Measuring and Improving Core Web Vitals
Google recently announced a proposed update to its search ranking algorithm: the Page Experience Update. This change, which launches in 2021, includes more performance signals in the ranking algorithm. A subtle but important feature of the update is that Accelerated Mobile Pages (AMP) will no longer be a requirement for promotion to Top Stories -- fast pages are all you need!
In this post, we will discuss the three new metrics that will serve as performance signals as well as what goals to set, how to measure them, and how to improve them. We will use freely available tools such as WebPageTest.org and Google Lighthouse, as well as Akamai mPulse, but the overall recommendations are tool agnostic.
The Page Experience Update means performance matters more than ever to search engine optimization (SEO). Akamai's mPulse now supports the new Core Web Vitals metrics right out of the box and provides actionable insights for you to get ahead of the curve. In addition, our Adaptive Acceleration suite helps to improve Core Web Vitals -- so make sure you are making the most of it!
Measuring user experience
The three new metrics have been selected by Google from a slew of available measurements. The criteria for selecting these is presumably threefold:
Measurable both in the field (e.g., Google Analytics, Chrome Real User Experience report) and in the lab (e.g., Lighthouse, Pagespeed Insights)
Represents quality of perceived user experience
General enough to report valid results across all webpages
The experience of a page load can be broken down into four stages:
Is it happening? (Time to First Byte)
Is it useful? (Largest Contentful Paint)
Is it usable? (First Input Delay)
Is it delightful? (Cumulative Layout Shift)
The metrics were selected to give good coverage over these stages, without overwhelming organizations with a large number of new metrics (and three letter acronyms). Traditional page speed measures like Page Load and DOM Ready are good for general cases but often fail to report on user experience for single page applications. The shift from traditional browser APIs (such as the venerable Navigation Timing API) allows Google to move more quickly than the standards track and find metrics that more closely match what a user perceives as performance.

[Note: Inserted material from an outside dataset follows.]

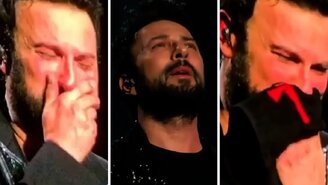 Tarkan'ın ilk konserinde annesini kaybetmesiyle yaşadığı duygusal anlar konseri renklendirdi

The three new metrics are Largest Contentful Paint (LCP), First Input Delay (FID), and Cumulative Layout Shift (CLS). Let's look at each in a little more detail:
Largest contentful paint (LCP)
Taking the akamai.com home page as an example, this Chrome performance timeline shows the difference between First Paint (FP) and LCP. Here the background image loads a few milliseconds after the hero element is painted, this is reflected in the LCP measure:
First input delay (FID)
FID measures the delay between a user's first interaction with the page and the next time the main thread was available to respond to the event. This is a reasonably hard concept to grasp technically, but the general idea is that the browser cannot respond to a user-initiated event until other activities have stopped. Measuring the difference between when the user tries to interact and when the browser can respond is a proxy for how "nice" the experience feels.
This diagram from Google's documentation shows how FID would be calculated in a synthetic scenario when a user input is received at the beginning of a long task:
FID is a tricky metric, as it requires a user to interact with a page for the metric to be captured. Only discrete interactions like clicks or taps are included, further reducing the number of page loads that will generate the metric. Since it requires user interaction, FID can only be collected from the field: real user monitoring (RUM). Google proposes using Total Blocking Time (TBT) as a proxy for FID in lab tests; TBT can also be collected from the field. TBT is the sum of long tasks during the page load and lower is always better!
Cumulative layout shift (CLS)
CLS introduces the most novelty in performance measurement, and thus the most confusion! CLS is a cumulative score, calculated throughout the page load, of all unexpected layout shifts (i.e., those not triggered by a user interaction). This measure is a proxy for how stable the page load experience feels to a user.
Layout shift scores are calculated as the product of how much of the viewport changed and how far the biggest change was. This is easy to see below, where a custom web font causes the layout to shift. This creates a layout shift score of 0.5:
Setting core web vitals goals
Google has helpfully given us goals for the three new metrics:
The color-coded scoring shows us where improvement is required, and where our pages are delivering great experiences. It's fair to assume that improving an already "green" result will not improve ranking signals, but is still a worthy goal for improving user experience.
The LCP goal is close to our familiar golden rule of three seconds. User experiences that take longer than three seconds are known to feel slow, so the LCP target is that 75% of users achieve an LCP of 2.5 seconds or faster.
The FID goal is 100 milliseconds. Interactions faster than this will feel instantaneous, so ensuring that 75% of users achieve this goal is a good measure of how interactive your pages feel.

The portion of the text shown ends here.